November 26, 2004: ERRC writes to UNMIK and UNHCR demanding that UNHCR, UNMIK and Zvechen municipal authorities take immediate action to move 112 Romani families from these camps to safe living areas and provide all necessary medical treatment for all affected persons. Copies are sent to UNHCR headquarters in Geneva, SRSG in Pristina, the Kosovo Ombudsman, and other interested parties. ERRC posts the letter on its web page.

December 2004: Most UNMIK officials go away on holiday for Christmas.

December 31, 2004: UNHCR chief of mission in Kosovo replies to the ERRC letter, giving a history of the camps, but offers no solution to the lead poisoning issue or relocation.

January 2005: Most UNMIK officials still away on holiday.

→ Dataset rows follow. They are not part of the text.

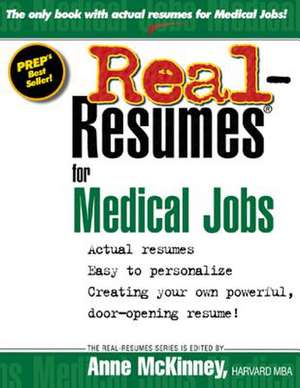 Real-Resumes for Medical Jobs de Anne McKinney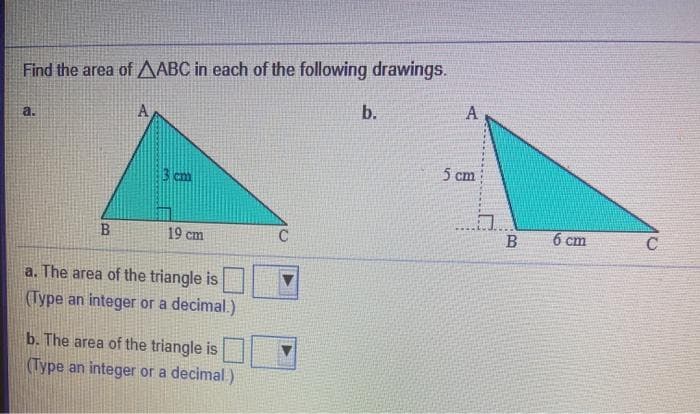 Find the area of A ABC in each of the following drawings.
b.
A
a.
A
5 cm
19 cm
6 cm
C
a. The area of the triangle is
(Type an integer or a decimal.)
b. The area of the triangle is
(Type an integer or a decimal.)
B.
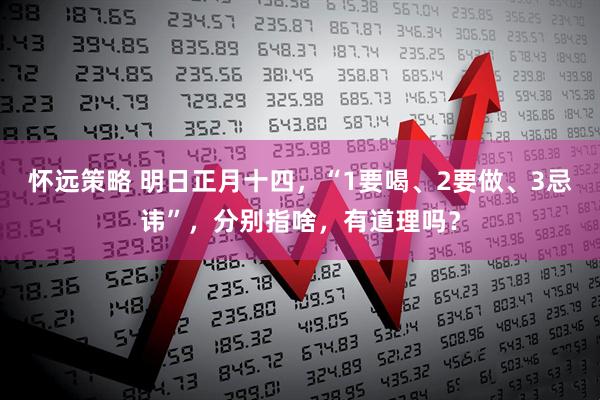 怀远策略 明日正月十四，“1要喝、2要做、3忌讳”，分别指啥，有道理吗？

February 8, 2005: Activists meet UNMIK returns adviser Laurie Wiseberg to propose evacuation of the camps to Fort Dix, NJ. In May 1999 almost 7,000 Kosovo Albanians were airlifted to Fort Dix until it was safe for them to return to Kosovo. Wiseberg refuses to support such a plan. She wants to help the Roma, but doesn't know how. Her assistant says UNMIK/UNHCR are not concerned about ERRC's threat of a lawsuit since all UN personnel have diplomatic immunity.

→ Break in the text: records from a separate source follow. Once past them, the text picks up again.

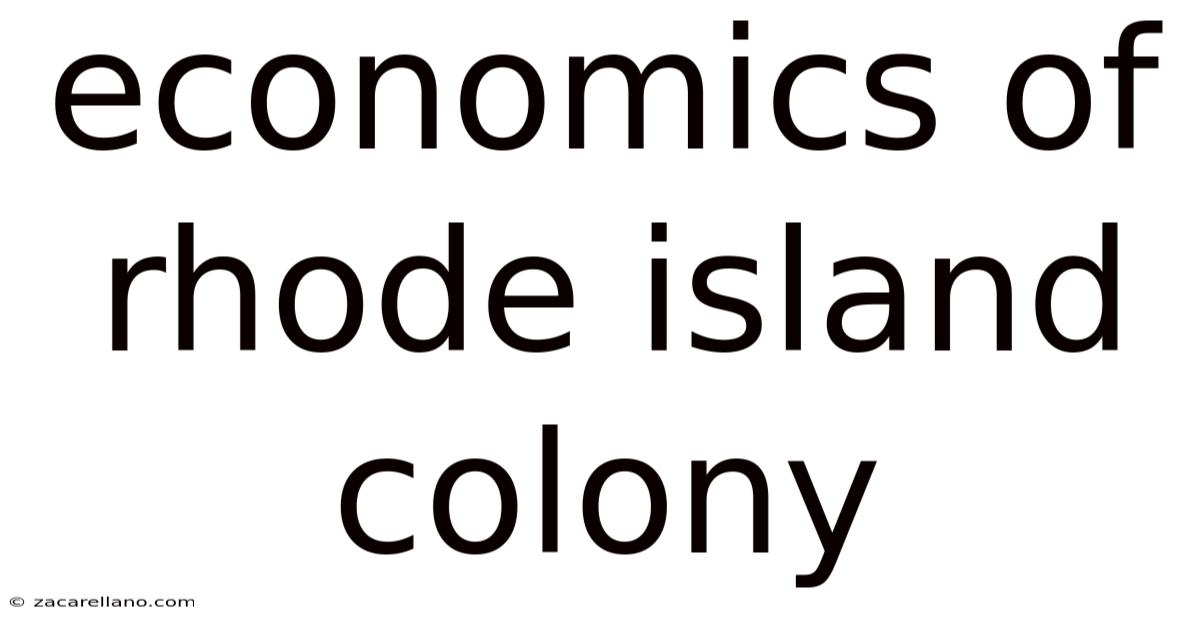 Economics Of Rhode Island Colony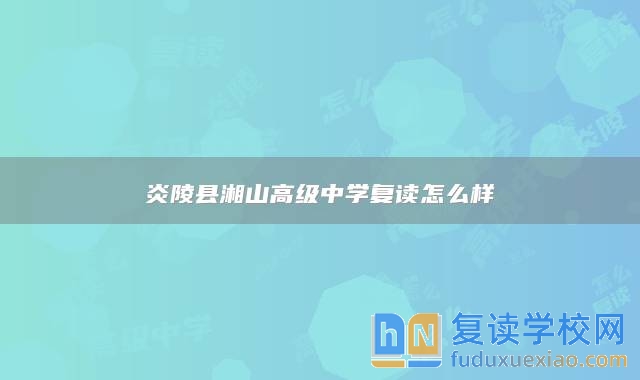炎陵縣湘山高級(jí)中學(xué)復(fù)讀怎么樣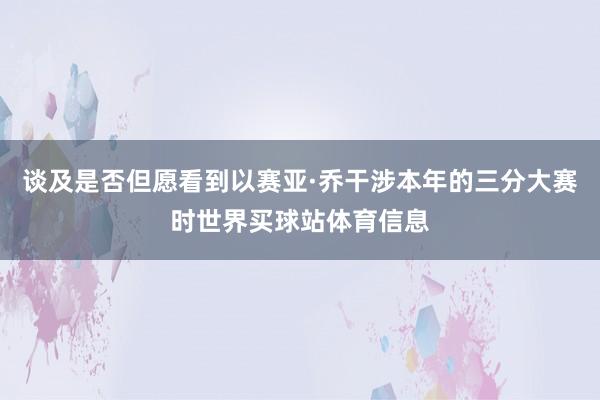 谈及是否但愿看到以赛亚·乔干涉本年的三分大赛时世界买球站体育信息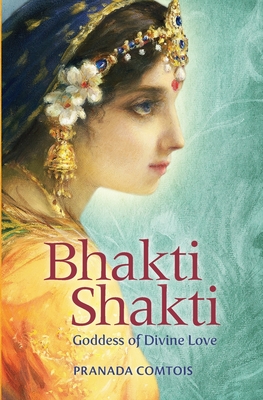 Bhakti Shakti: Goddess of Divine Love Cover Image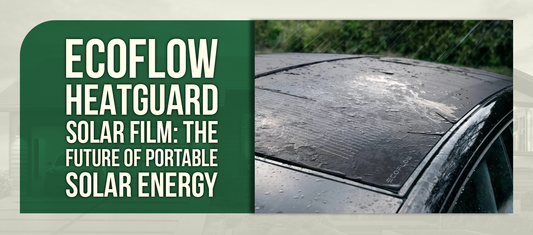 EcoFlow HeatGuard Solar Film: The Future of Portable Solar Energy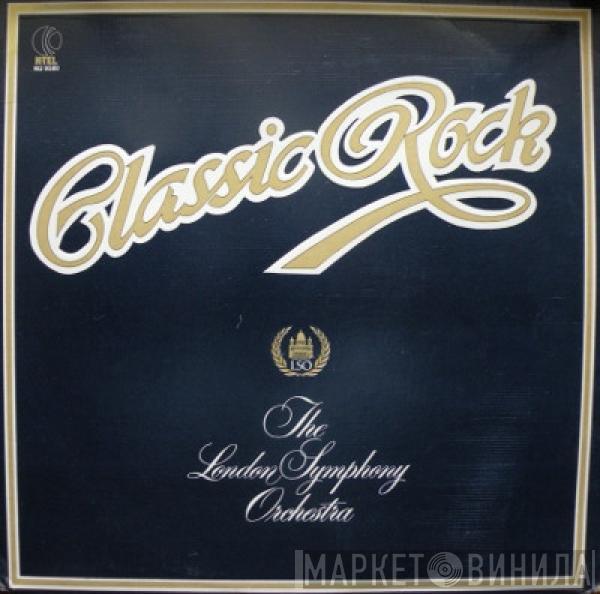And The London Symphony Orchestra  The Royal Choral Society  - Classic Rock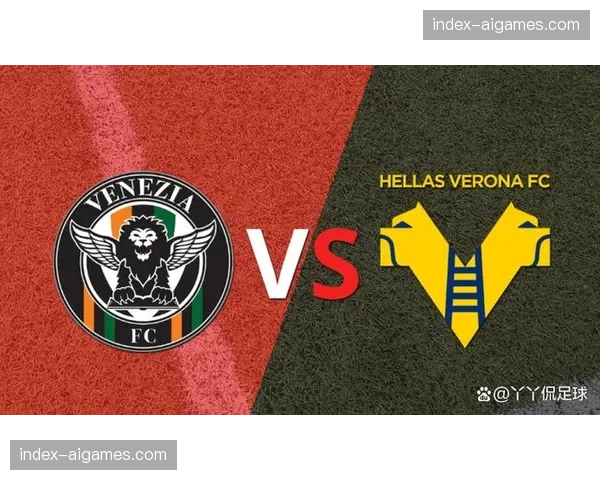 维罗纳1-1萨勒尼塔纳，保级关键战双方均以务实防守为首要目标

February 16, 2005: Meeting held at UNMIK headquarters south Mitrovica of all the health officers of the region, chaired by WHO. Dr. Rokho Kim gives a speech about the lead poisoning in the IDP camps. Dr. Kim said he had visited the camps on Nov 15, 2004 and was shocked by the contamination of the heavy metals in the area. He said that in his 15 years of experience he had never seen or heard of such high levels of lead
in childrens' blood. He compared the levels to a town in Oklahoma, the worst-ever case of lead poisoning for a community in the United States, and said the Cesmin Lug and Kablare camps had lead levels at least 3 to 4 times higher than this infamous case. He said the United States government had evacuated all children from 0 to 6 years and all pregnant women while the town was cleaned up.  An original, signed copy of the minutes of this meeting are kept  by activists.

February 22, 2005: Activists complain to Dr. Sergy Schevchenko that he has never answered a request by local health authorities to transport two-year-old Nikolina Mehmeti to Belgrade for urgent treatment for lead poisoning diagnosed in June 2004. He answers that he is the UNMIK health officer for north Mitrovica and although Nikolina was diagnosed at a hospital in Mitrovica, she lives in the IDP camp in Zvechen (two kilometers away) and therefore is outside his jurisdiction. He says that UNMIK will not let him treat people outside of Mitrovica. Zvechen has no health officer.

February 23-February 28, 2005: Activists seek help from UNMIK, UNHCR, and ICRC to transport Nikolina Mehmeti to Belgrade for treatment. It is discovered that neither Nikolina Mehmeti nor her mother have identification cards. Nikolina was born in the UNHCR camp of Zitkovac but her birth was never registered. Legally, she cannot be taken to Serbia for treatment. All authorities who could issue a travel document, including UNMIK police, refuse to do so.

February 28, 2005: SFTP International President Tilman Zuelch writes a letter to SRSG Soren Jessen-Petersen asking him to take the necessary measures to dismantle the IDP camps and evacuate the RAE from the contaminated area; to find a durable solution to accommodate the IDPs; and to give them medical assistance. SFTP in Germany also issue a press release and memorandum on the lead poisoning in the IDP camps in Kosovo.

March 2, 2005: Nikolina Mehmeti and her mother are smuggled into Serbia and taken to Belgrade where Nikolina Mehmeti is admitted to the hospital at the Mother & Child Institute. The doctor in charge cannot believe that the IDP camp where Nikolina lives (and which is the source of her poisoning) is still inhabited after her sister's death. He thought it was against the law to allow these camps to continue to poison and kill small children. The doctor tells Nikolina's mother that if her daughter is taken back to the camp after treatment she will die.

March 7, 2005: So far the results of Nikolina Mehmeti's blood tests are not known and treatment has not started. Money is left with Nikolina's mother for her expenses and toys are bought for her.